WO2006073032A1

WO2006073032A1 - Method for refining training data set for audio classifiers and method for classifying data

Info

Publication number: WO2006073032A1
Application number: PCT/JP2005/021925
Authority: WO
Inventors: Isao Otsuka; Regunathan Radhakrishnan; Ajay Divakaran
Original assignee: Mitsubishi Electric Corp
Current assignee: Mitsubishi Electric Corp
Priority date: 2005-01-04
Filing date: 2005-11-22
Publication date: 2006-07-13
Anticipated expiration: 2007-07-04
Also published as: CN101023467A; US20060149693A1; EP1789952A1; JP2008527397A

Abstract

A method refines labeled training data audio classification of multimedia content. A first set of audio classifiers is trained using labeled audio frames of a training data set having labels corresponding to a set of audio features. Each audio frame of the labeled training data set is classified using the first set of audio classifiers to produce a refined training data set. A second set of audio classifiers is obtained using audio frames of the refined training data set, and highlights are extracted from unlabeled audio frames using the second set of audio classifiers.

Description

DESCRIPTION

Method for Refining Training Data Set for Audio Classifiers and Method for Classifying Data

Technical Field

This invention relates generally to processing videos, and more particularly to detecting highlights in videos.

Background Art

Most prior art systems for detecting highlights in videos use a single signaling modality, e.g., either an audio signal or a visual signal. Rui et al. detect highlights in videos of baseball games based on an announcer's excited speech and ball-bat impact sounds. They use directional template matching only on the audio signal, see Rui et al., "Automatically extracting highlights for TV baseball programs," Eighth ACM International Conference on Multimedia, pp. 105-115, 2000.

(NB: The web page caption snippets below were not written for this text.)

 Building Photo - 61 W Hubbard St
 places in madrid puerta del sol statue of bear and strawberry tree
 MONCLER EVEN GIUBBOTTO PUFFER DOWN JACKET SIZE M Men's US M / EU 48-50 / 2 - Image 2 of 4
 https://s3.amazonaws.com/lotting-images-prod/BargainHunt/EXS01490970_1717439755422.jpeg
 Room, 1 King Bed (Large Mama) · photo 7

Kawashima et al. extract bat-swing features in video frames, see Kawashima et al., "Indexing of baseball telecast for content-based video retrieval," 1998 International Conference on Image Processing, pp. 871—874, 1998.

Xie et al. and Xu et al. segment soccer videos into play and break segments using dominant color and motion information extracted only from video frames, see Xie et al., "Structure analysis of soccer video with hidden Markov models," Proc. International Conference on Acoustic, Speech and Signal Processing, ICASSP-2002, May 2002, and Xu et al., "Algorithms and system for segmentation and structure analysis in soccer video," Proceedings of IEEE Conference on Multimedia and Expo, pp. 928- 931, 2001.

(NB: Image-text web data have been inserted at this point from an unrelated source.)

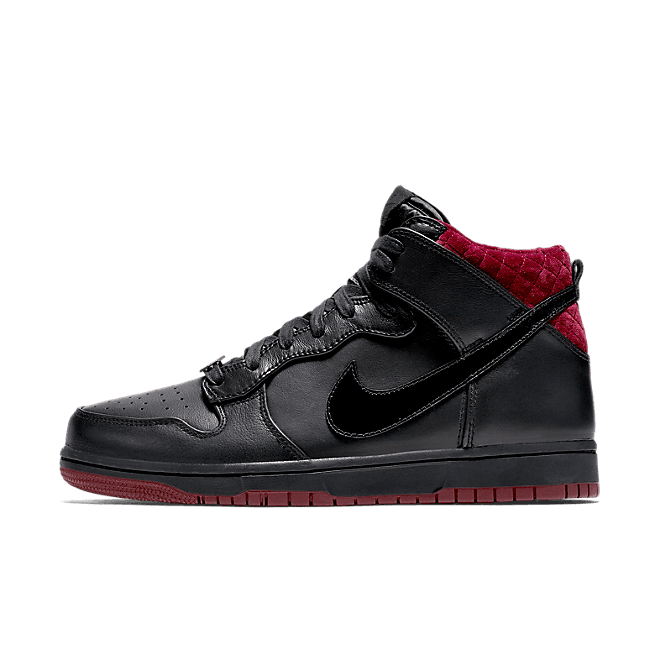 Nike Dunk CMFT Coffin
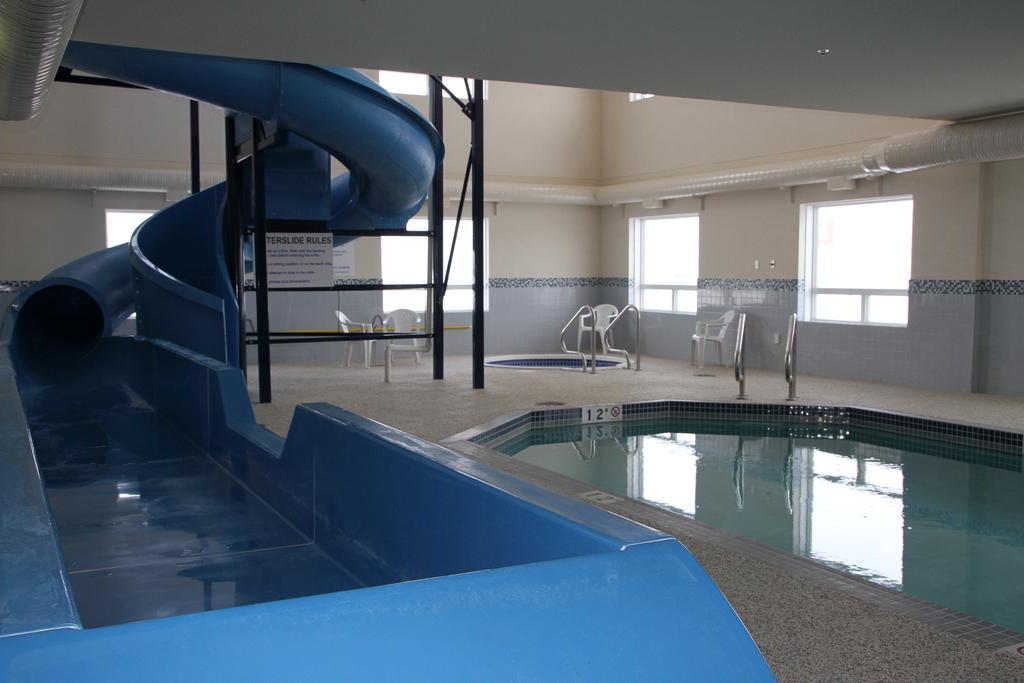 Days Inn & Suites By Wyndham יורקטון מראה חיצוני תמונה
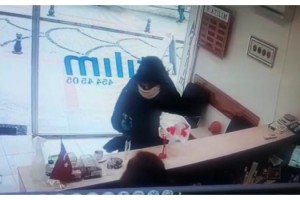 Döviz bürosu sahibi kadın, silahlı soyguncuyu kovaladı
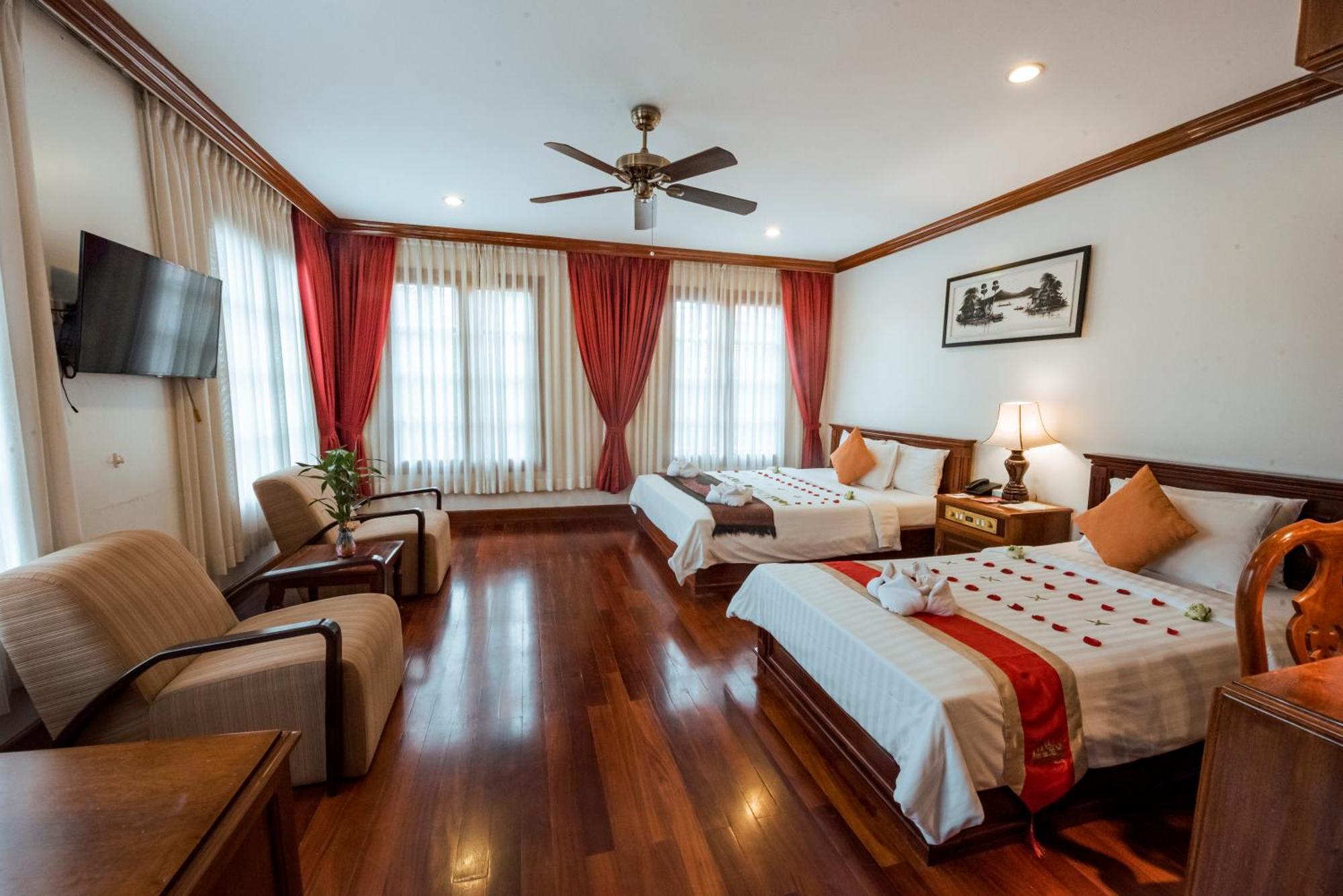The Suite By Royal Crown Hotel Siem Reap Zewnętrze zdjęcie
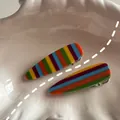 Dettaglio di fermagli per capelli arcobaleno su vassoio bianco con fantasie casuali - Arcobaleno Chiaro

Gong et al. provide a parsing system for videos of soccer games. The parsing is based on visual features such as the line pattern on the playing field, and the movement of the ball and players, see Gong et al., "Automatic parsing of TV soccer programs," IEEE International Conference on Multimedia Computing and Systems, pp. 167-174, 1995.

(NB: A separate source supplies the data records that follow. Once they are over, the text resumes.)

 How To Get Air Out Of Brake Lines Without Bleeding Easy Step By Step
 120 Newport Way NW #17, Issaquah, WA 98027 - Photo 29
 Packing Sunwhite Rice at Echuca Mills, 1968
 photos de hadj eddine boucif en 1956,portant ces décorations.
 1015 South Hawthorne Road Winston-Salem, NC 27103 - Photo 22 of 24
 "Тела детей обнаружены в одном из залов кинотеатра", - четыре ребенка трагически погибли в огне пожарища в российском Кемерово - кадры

One method analyzes a soccer video based on shot detection and classification. Again, interesting shot selection is based only on visual information, see Ekin et al., "Automatic soccer video analysis and summarization," Symp. Electronic Imaging: Science and Technology: Storage and Retrieval for Image and

Video Databases IV, January 2003.

Some prior art systems for detecting highlights in videos use combined signaling modalities, e.g., both an audio signal and a visual signal, see U.S. Patent Application Serial No. 10/729,164, "Audio-visual Highlights Detection Using Hidden Markov Models," filed by Divakaran et al. on December 5, 2003, incorporated herein by reference. Divakaran et al. describe generating audio labels using audio classification based on Gaussian mixture models (GMMs), and generating visual labels by quantizing average motion vector magnitudes. Highlights are modeled using discrete-observation coupled hidden Markov models (CHMMs) trained with labeled videos. Xiong et al., in "Audio Events Detection Based Highlights Extraction from Baseball, Golf and Soccer Games in a Unified Framework," ICASSP 2003, described a unified audio classification framework for extracting sports highlights from different sport videos including soccer, golf and baseball games. The audio classes in the proposed framework, e.g., applause, cheering, music, speech and speech with music, were chosen to characterize different kinds of sounds that were common to all of the sports. For instance, the first two classes were chosen to capture the audience reaction to interesting events in a variety of sports.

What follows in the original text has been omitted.